Yararcılık (Faydacılık, Pragmatizm) Nedir?
Yararlı olanı töresel gerçeğin ölçütü yapan bilimdışı öğreti. İngiliz düşünürleri Jeremie Bentham'ın (1748-1832) temellerini atıp John Stuart Mill'in (1806-1873) geliştirdiği yararcılık öğretisine göre töresel gerçeğin ölçütü yarar' dır. Felsefenin doğuşundan beri, diyor J. S. Mill, düşünürler en üstün iyi'nin ne olduğunu aramışlardır.
İşte biz de, Bentham'la beraber, bu sorunun karşılığını veriyoruz: En üstün iyi, yarar'dır. İyiyi kötüden ayırabilmek için yararlı olup olmadığına bakmalıdır. Hekimlik sanatı iyidir, çünkü sağlık yararını taşır; müzik iyidir, çünkü zevk yararını taşır. İnsanların mutluluğunu hoşlanma (haz) duygusu doğurur, hoşlanılan yararlı olandır.

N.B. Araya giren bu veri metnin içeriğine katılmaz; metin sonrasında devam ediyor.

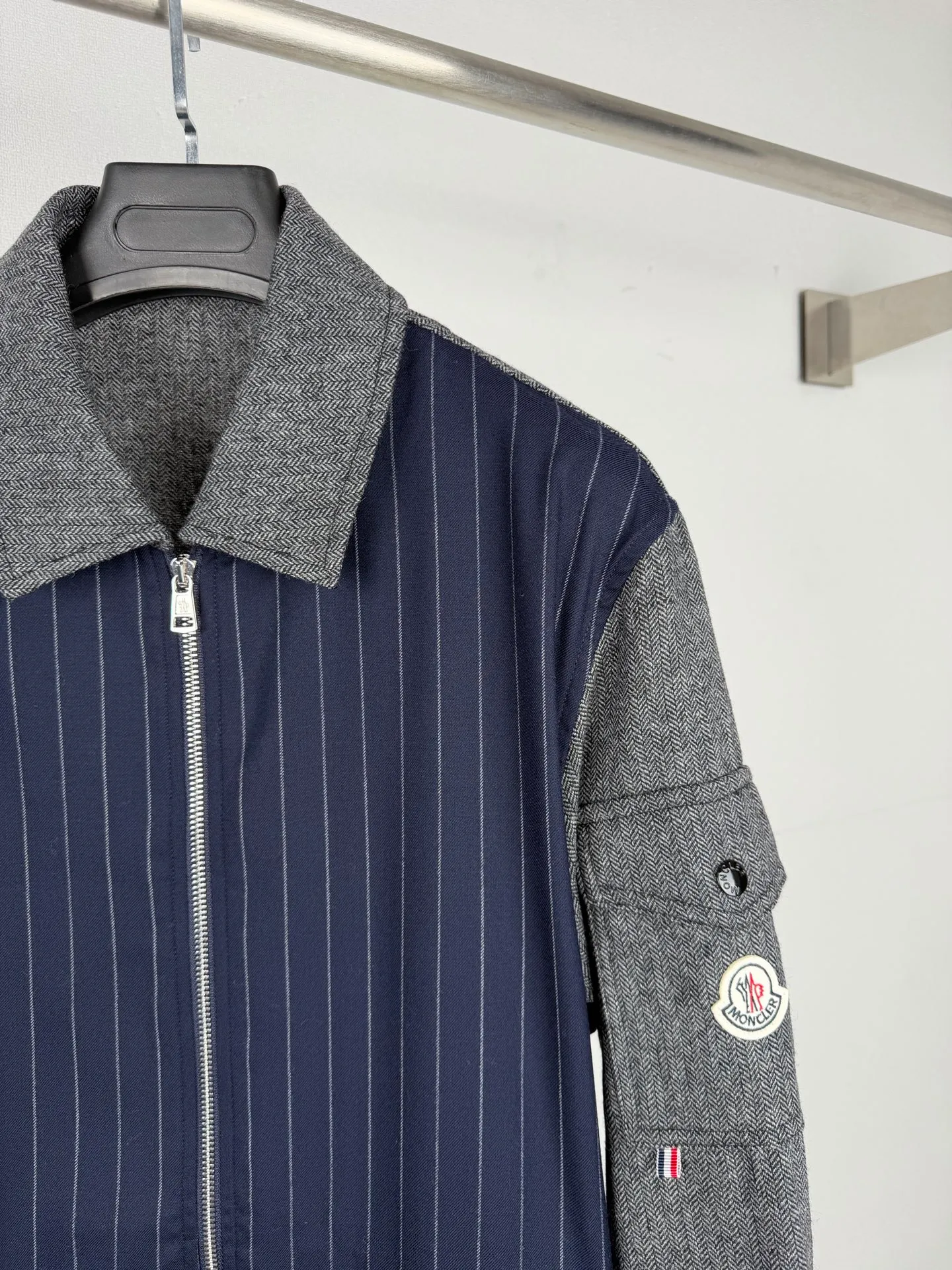 MONCLER/ Classic Moncler 1: Moncler 2: 3: ： 1:1 Moncler 1:1 Moncler 1:1 Moncler 1:1 Moncler ： Size： S M L XL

İnsan yararlıdan hoşlanır ve yararsızdan hoşlanmaz. Davranışlarımız, bize verdikleri mutluluk oranında kötüdürler. Bu bakımdan sürekli yarar, geçici yarardan daha iyidir. Bütün öteki şeylerin ona göre, onun için istenilir olduğu son amaç olunabildiği kadar acıdan uzak ve olunabildiği kadar hoşlanmaya yakın bir yaşam'dır.
Buysa ancak yararlı olanı seçmekle gerçekleşir. Her bireyin özel yararını genel yararla uyuşturması gerekir. Eğitim ve öğretim, bireyin ruhunda öylesine çözülmez bir ortaklık kurmalıdır ki özel mutlulukla genel mutluluk arasında bir uyum kurulabilsin.
Yetkin bir insan, genel iyiliğe uygun düşmeyen özel iyiliğini düşünmeyecek ve bundan ötürü mutsuzluğa kapılmayacaktır. Yarar ilkesinin görevi, birbirlerini alt etmeye çalışan yararları ölçmekle, karşılaştırmakla, birinin ötekine ne zaman üstün tutulacağını göstermekle gerçekleşir.
Örneğin bir endüstri topluluğunda ustalık çıraklığa göre üstün bir hak sağlamalı mıdır? Bir düşünceye göre sağlamamalıdır, çünkü elinden geleni yapanın aynı hakkı elde etmesi tüzeye uygundur. Başka bir düşünceye göre sağlamalıdır, çünkü üstün verimin üstün bir hak elde etmesi tüzeye uygundur.
Bu iki düşüncenin her ikisi de sağlamlıkta eşittirler. İşte yararcılık ilkesinin zorunluluğu burada kendini gösterir. Hangisi topluma yararlıysa o seçilecektir. Tüzeyi (adalet) gizlenmiş bir erdem sayarsak bu halde yarar, erdemin beceremediği bir işi de becermekte ve kolaylıkla çözümlemektedir.
Yararcılık öğretisi, toplumsallaşma çabalarına rağmen tipik bir bireycilik öğretisidir. Bütün değerleri bireyin hoşlantısına indirger. Bireysel mutlulukla toplumsal mutluluğu uyumlu kılabilmek için, metafizik bir anlayışla, eğitim ve öğretimden medet umar. En üstün iyiyi, mutluluğu, erdemi ve tüzeyi bireysel yararla aynılaştırır.
Yararlığın ölçüsü bireysel hoşlanma olduğuna göre zorunlu olarak öznel idealizme dayanır. Nitekim, sonunda, katıksız bir idealizm olan pragmacılığı doğurmuştur.